Description of the task :: Reproduce every entry below exactly, minus the pictures.

Materials provided ::

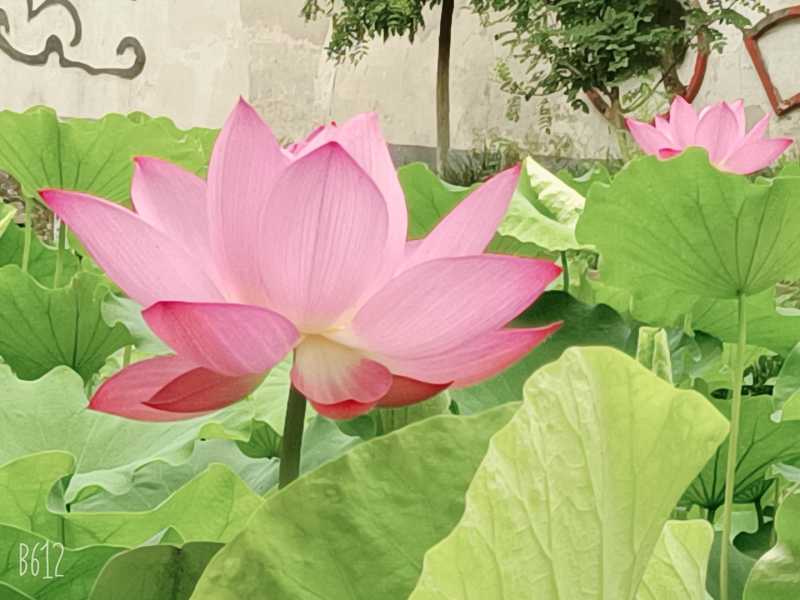 B612Kaji_20210709_083751_806.jpg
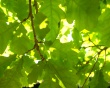 Green Oak Leaf Предпросмотр Обоев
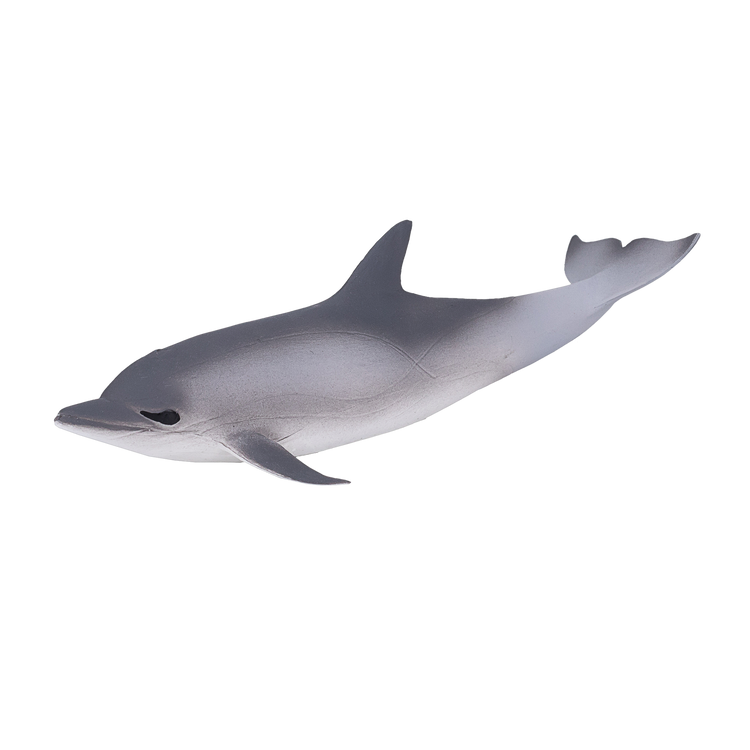 Common Dolphin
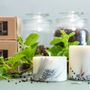 Candles - Candle with Juniper Scent - TL CANDLES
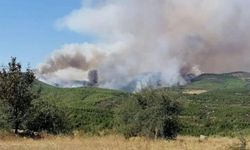 Uşak ve Afyon'da yangına müdahalesi sürüyor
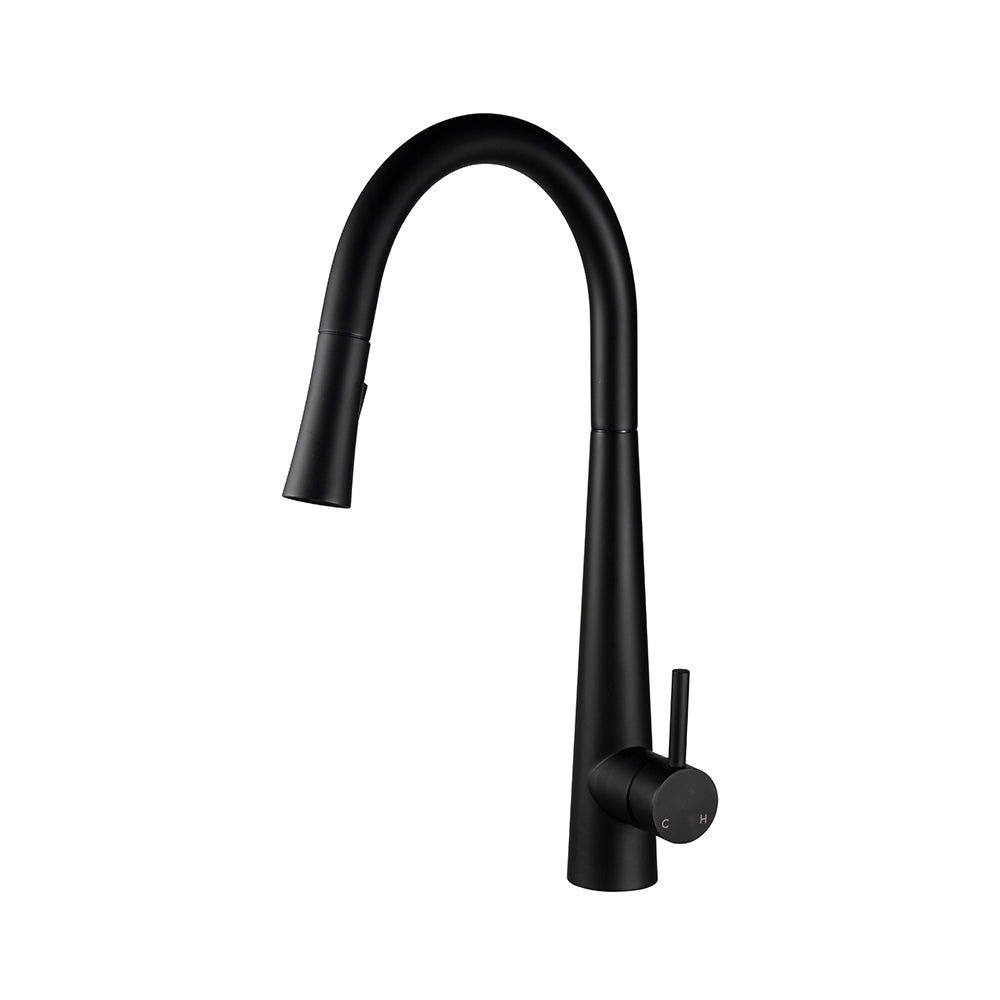 Single Hole Pull Down Kitchen Faucet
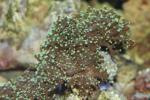 Frogspawn coral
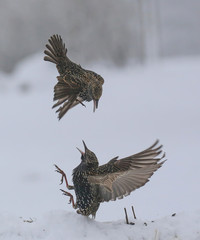 Etourneaux bagarreurs(2)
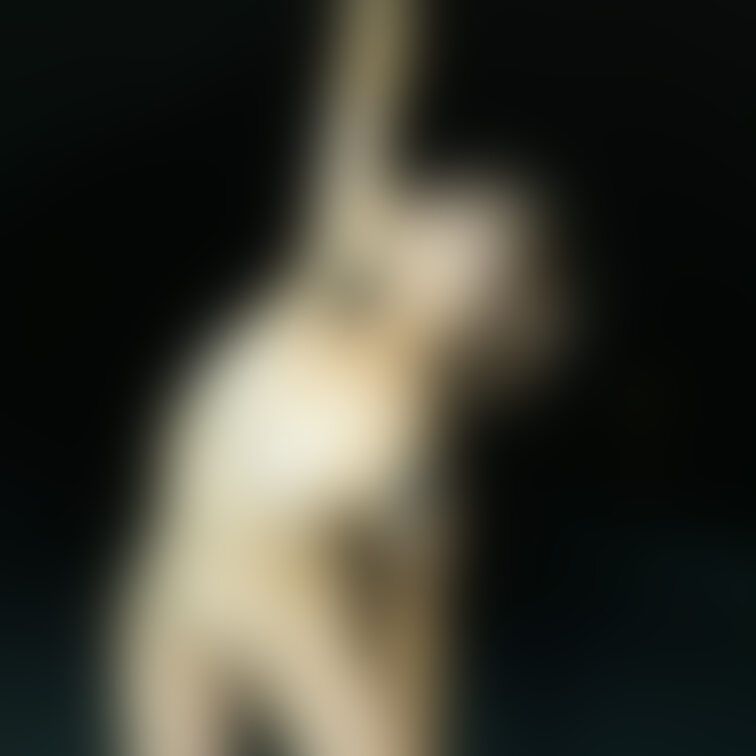 全裸痴女人妻、闇夜のストレッチです🌹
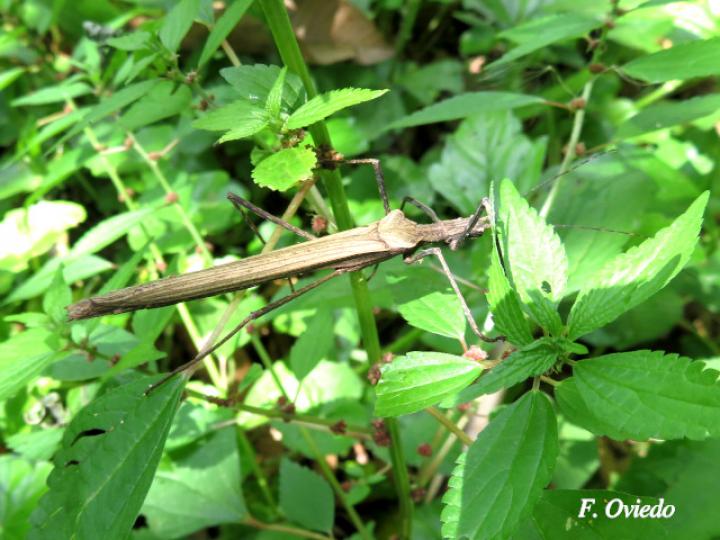 Pseudophasma unicolor (Juan palo)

Written answer ::
 B612Kaji_20210709_083751_806.jpg
 Green Oak Leaf Предпросмотр Обоев
 Common Dolphin
 Candles - Candle with Juniper Scent - TL CANDLES
 Uşak ve Afyon'da yangına müdahalesi sürüyor
 Single Hole Pull Down Kitchen Faucet
 Frogspawn coral
 Etourneaux bagarreurs(2)
 全裸痴女人妻、闇夜のストレッチです🌹
 Pseudophasma unicolor (Juan palo)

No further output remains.